Mum: season two finale review – 'I can’t be the only person who cried'

Mum … Lesley Manville as Cathy.
Mum … Lesley Manville as Cathy. Photograph: Mark Johnson/BBC/Big Talk Productions

So, did it happen? Did Michael (Peter Mullan) and Cathy (Lesley Manville) finally throw caution to the wind in the season finale of Mum, embrace their destiny, tell each other how they felt and set off for a bright new future together? Well, sort of. The great skill of Stefan Golaszewski’s sitcom is the way in which it recognises that big over-the-top declarations, while perfect on TV, aren’t really the stuff of everyday life.

Thus, in an episode that was all about moving on – Pauline (Dorothy Atkinson) from her divorce, Jason (Sam Swainsbury) and Kelly (Lisa McGrillis) to their new home, Michael to Spain to be with his daughters – Cathy, too, finally took the plunge by telling Michael how she felt with a heartfelt speech. “I’d love to look at you and not notice your eyes,” she said. “I’d love to go to bed at night and not think about you. I adore you.” It was exactly the kind of speech that Richard Curtis has built an entire industry on, but after she had finished, the desperately overwhelmed Michael then scuttled into the toilet for a think.

He wasn’t the only one struggling to cope with relationships, in a perfectly pitched final episode of what has been a perfectly pitched second series. “She’ll always love my dad, you know that, don’t you?” Jason remarked to Michael, the naked hurt in his voice transforming him from the slightly dim punchline of previous episodes to what he actually is: a grieving twentysomething, who still wishes every day that the father he adored could come home.

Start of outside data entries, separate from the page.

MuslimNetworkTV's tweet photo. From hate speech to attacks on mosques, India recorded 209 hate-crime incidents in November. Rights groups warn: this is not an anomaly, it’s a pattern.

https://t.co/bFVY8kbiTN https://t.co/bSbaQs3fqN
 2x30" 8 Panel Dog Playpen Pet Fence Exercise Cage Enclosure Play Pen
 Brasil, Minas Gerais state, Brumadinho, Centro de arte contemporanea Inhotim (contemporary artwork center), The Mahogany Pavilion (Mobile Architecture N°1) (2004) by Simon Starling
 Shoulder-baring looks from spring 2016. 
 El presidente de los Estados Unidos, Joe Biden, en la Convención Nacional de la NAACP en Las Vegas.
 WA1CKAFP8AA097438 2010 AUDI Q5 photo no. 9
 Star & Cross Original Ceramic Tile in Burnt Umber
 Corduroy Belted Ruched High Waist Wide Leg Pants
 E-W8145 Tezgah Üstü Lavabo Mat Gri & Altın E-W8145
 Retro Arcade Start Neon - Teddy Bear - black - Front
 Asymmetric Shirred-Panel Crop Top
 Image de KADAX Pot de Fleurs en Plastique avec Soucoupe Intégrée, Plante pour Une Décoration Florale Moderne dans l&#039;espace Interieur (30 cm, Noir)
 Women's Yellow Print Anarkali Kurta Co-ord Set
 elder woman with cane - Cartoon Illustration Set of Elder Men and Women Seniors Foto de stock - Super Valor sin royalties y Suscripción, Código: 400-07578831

That’s the pleasure of Mum. For every laugh-out-loud moment – Pauline’s ever-lengthening list of the finer things in life (“Radio 4, Classic FM, anything made by an artisan, golf, Wimbledon, jazz, the Tate, wine you can’t buy in a supermarket … Kent”) was a particular joy – there is a downbeat acknowledgement that life can hurt and it can be hard to move on. Or, as the ever-acute Pauline put it: “What these happy people don’t realise is that it will end because everything good always ends. Those fabulous smiles will fall from their faces and they’ll be wading through rivers of shit like the rest of us.”

Of course, if Mum – and Golaszewski – really believed that, then the series would be impossible to watch. Instead, few programmes celebrate humanity, in all its complexity, so clearly. From the little moments such as Cathy’s father-in-law Reg (Karl Johnson) carefully drawing back a strand of his snoozing wife’s hair while Cyndi Lauper’s Girls Just Wanna Have Fun blared in the background, to the empty despair flitting across Pauline’s face as Derek (Ross Boatman) desperately tried to please her, to the big life-changing ones such as Michael’s proposed Spanish exile – this is a comedy that understands that every aspect of life is worth cherishing.

And its life-affirming intentions are never clearer than in its treatment of the central relationship. It takes a certain amount of bravery to step blindly off the cliff and trust that the person you adore adores you back, and all the more so when, like Cathy, you are a widow who was married for decades. That Manville and Mullan manage to show us all of that fear and love and trust and hidden pain, often without saying a word, is a testimony both to their skill and to the completeness of the world that Golaszewski has created. When they finally reached for out for each other, their fingers curling together as Jason’s Bonfire Night fireworks exploded around them, I can’t have been the only person who cried.